O filme basicamente é dividido em duas partes, cada uma correspondendo a uma das duas cenas musicais que tiveram a Factory em seu epicentro: o lúgubre primeira leva pós-punk de fins da década de 1970 e sua quase antítese, a colorida e hedonista cena rave – que apelidaria a cidade de ‘Madchester’ – da virada dos 80 para os 90. Na primeira, o enfoque é o drama do Joy Division e seu depressivo, epilético e por fim suicida cantor Ian Curtis – num registro bem mais plausível do ator Sean Harris do que o entregue por Sam Reilly em ‘Control’: percebe-se a dor e a tormenta sem fim de Ian em seu olhar, ao contrário do que ocorre no filme de Anton Corbijn. Na segunda, a doideira inconsequente e o hedonismo ‘sobre o amanhã ainda nem pensei’ dos Happy Mondays de Shaun Ryder – o ator Danny Cunningham, além de muito parecido com o frontman dos Mondays, está particularmente engraçado no papel. Por sua vez, o retrato afetivo/cômico de Wilson é valorizado pela brilhante atuação de Steve Coogan, cuja performance chegou a ser elogiada por seu colega e compatriota Alfred Molina no sketch que ambos dividem em ‘Café e Cigarros’, de Jim Jarmusch. Participantes das duas cenas de Manchester aparecem no filme: Mark E. Smith (The Fall) surge na fila do Haçienda, Vinny Reilly (Durutti Column) cruza a tela em um show, assim como Mani, dos Stone Roses.
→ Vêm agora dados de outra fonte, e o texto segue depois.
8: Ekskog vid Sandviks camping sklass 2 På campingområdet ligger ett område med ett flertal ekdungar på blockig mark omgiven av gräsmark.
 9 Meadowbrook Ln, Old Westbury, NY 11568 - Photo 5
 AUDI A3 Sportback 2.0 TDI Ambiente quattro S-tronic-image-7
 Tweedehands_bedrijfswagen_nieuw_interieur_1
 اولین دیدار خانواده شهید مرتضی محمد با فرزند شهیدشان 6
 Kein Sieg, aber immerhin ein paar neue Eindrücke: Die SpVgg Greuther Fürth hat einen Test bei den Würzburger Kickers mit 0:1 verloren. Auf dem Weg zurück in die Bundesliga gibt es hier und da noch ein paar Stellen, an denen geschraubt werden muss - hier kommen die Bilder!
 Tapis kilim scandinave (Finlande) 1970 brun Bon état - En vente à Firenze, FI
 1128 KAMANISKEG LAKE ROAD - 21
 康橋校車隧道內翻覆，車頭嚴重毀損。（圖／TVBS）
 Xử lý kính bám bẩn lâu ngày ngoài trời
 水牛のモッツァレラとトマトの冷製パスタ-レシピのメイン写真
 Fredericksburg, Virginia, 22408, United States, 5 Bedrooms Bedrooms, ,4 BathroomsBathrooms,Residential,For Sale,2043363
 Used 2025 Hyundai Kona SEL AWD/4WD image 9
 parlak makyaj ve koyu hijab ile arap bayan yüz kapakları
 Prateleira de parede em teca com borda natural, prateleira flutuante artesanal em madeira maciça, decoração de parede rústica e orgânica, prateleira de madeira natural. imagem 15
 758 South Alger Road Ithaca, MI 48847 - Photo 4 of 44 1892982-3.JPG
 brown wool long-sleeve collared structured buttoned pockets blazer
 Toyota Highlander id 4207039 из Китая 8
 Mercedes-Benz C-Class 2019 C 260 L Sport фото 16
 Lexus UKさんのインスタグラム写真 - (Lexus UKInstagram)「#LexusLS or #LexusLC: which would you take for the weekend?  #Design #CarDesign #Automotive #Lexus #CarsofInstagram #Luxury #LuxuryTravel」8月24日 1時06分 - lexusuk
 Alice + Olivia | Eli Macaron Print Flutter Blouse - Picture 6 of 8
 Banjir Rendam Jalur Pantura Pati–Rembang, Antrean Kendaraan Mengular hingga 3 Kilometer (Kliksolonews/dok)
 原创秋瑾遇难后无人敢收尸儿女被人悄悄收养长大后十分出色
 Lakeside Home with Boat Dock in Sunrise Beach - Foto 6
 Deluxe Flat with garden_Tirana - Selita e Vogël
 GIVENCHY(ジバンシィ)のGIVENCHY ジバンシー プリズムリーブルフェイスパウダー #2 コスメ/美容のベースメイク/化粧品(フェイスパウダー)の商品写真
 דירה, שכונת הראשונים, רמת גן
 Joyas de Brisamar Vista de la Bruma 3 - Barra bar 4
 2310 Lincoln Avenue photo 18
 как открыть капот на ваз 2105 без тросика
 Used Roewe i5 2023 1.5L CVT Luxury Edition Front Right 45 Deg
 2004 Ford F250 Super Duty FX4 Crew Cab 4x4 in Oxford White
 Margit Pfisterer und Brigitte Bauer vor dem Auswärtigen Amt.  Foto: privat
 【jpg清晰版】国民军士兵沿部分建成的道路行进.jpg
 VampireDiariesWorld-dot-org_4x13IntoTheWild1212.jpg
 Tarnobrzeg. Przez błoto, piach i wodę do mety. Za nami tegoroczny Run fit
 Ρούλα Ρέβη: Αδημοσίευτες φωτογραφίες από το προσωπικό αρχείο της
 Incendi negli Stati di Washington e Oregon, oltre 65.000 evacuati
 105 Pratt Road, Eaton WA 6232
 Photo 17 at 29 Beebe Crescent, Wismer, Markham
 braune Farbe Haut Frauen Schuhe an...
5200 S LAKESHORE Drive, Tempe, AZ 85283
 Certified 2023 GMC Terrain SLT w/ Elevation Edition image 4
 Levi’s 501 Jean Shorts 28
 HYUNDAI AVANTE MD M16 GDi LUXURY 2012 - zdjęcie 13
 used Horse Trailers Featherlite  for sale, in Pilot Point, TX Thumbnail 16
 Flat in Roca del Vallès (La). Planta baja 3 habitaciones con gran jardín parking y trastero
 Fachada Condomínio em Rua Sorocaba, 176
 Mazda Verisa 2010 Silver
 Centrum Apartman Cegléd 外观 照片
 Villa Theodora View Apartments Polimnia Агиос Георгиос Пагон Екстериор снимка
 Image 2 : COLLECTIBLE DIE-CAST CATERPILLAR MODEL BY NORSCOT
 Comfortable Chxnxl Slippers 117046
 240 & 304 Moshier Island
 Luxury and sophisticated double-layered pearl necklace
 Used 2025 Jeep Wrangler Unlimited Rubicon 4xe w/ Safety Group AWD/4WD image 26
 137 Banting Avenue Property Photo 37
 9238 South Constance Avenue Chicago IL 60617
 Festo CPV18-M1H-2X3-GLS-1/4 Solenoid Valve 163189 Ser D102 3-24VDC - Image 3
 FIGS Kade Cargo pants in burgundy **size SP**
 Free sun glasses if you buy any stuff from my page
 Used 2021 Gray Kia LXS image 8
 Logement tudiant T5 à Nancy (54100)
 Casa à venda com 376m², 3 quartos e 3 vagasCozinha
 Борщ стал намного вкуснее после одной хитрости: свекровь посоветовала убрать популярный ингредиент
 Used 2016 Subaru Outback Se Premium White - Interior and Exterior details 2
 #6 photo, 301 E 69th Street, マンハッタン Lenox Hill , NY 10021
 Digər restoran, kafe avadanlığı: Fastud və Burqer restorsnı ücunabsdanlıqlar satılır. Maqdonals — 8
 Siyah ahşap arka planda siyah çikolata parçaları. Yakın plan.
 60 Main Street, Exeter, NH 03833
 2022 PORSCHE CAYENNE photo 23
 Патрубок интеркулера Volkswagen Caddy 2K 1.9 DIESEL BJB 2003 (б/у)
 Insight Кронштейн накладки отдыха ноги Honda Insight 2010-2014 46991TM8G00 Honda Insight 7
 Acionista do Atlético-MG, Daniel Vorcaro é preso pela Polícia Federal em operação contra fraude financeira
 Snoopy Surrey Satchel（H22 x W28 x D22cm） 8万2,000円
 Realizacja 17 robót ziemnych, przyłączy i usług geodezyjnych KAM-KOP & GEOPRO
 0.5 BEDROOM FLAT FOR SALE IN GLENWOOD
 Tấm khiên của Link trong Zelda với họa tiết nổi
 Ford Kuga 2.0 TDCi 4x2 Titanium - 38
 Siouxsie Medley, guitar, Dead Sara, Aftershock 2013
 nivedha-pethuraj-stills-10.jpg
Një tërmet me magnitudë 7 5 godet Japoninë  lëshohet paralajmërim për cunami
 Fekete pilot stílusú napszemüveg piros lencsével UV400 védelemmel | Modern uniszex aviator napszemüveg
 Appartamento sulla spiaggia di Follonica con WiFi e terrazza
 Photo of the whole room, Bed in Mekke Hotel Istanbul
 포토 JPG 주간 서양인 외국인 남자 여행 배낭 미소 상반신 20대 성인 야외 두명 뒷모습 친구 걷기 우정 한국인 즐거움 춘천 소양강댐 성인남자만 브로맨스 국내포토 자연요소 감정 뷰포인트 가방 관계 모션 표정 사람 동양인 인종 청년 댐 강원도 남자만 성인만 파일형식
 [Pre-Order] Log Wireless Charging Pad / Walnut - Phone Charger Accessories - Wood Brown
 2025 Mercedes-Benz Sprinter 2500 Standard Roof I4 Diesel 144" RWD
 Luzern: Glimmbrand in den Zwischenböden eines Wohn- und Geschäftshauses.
Então, pra finalizar, voltando lá ao início do texto, assim que adquirir minha cópia de ‘A Festa Nunca Termina’, vou poder rever o filme e, quem sabe, chegar a uma conclusão se a obra vai além da diversão (garantida) e do retrato afetivo de uma época (ou duas, pra ser mais exato) importante da música pop. Só sei que vou me divertir de novo e de novo e de novo ... O filme é pra quem se identifica com gandaia, anarquia, terrorismo cultural, hedonismo. E pra quem tem sentimentos, é claro. (A propósito: Tony Wilson faleceu há dois anos, em agosto de 2007, aos 57 anos, vítima de ataque cardíaco. Ele tinha câncer no fígado.)


O verdadeiro Wilson na labuta: herói de quem ama o rock de verdade

O Wilson do filme, interpretado pelo impagável Coogan, na companhia de sua primeira mulher, Lindsay/Shirley Henderson: estupefato após ver os Pistols


PS - a trilha, claro. É essa aí abaixo, saiu no Brasil na época - hoje, talvez, requeira uma busca mais demorada:

1. Anarchy in the UK (Sex Pistols)/2. 24 Hour Party People (Happy Mondays)/3. Transmission (Joy Division)/4. Ever Fallen in Love (Buzzcocks)/5. Janie Jones (The Clash)/6. New Dawn Fades (New Order featuring Moby)/7. Atmosphere (Joy Division)/8. Otis (The Durutti Column)/9. Voodoo Ray (A Guy Called Gerald)/10. Temptation (New Order)/11. Loose Fit (Happy Mondays)/12. Pacific State (808 State)/13. Blue Monday (New Order)/14. Move Your Body (Marshall Jefferson)/15. She's Lost Control (Joy Division)/16. Hallelujah [Club Mix] (Happy Mondays)/17. Here to Stay [Full Length Vocal] (New Order)/18. Love Will Tear Us Apart (Joy Division)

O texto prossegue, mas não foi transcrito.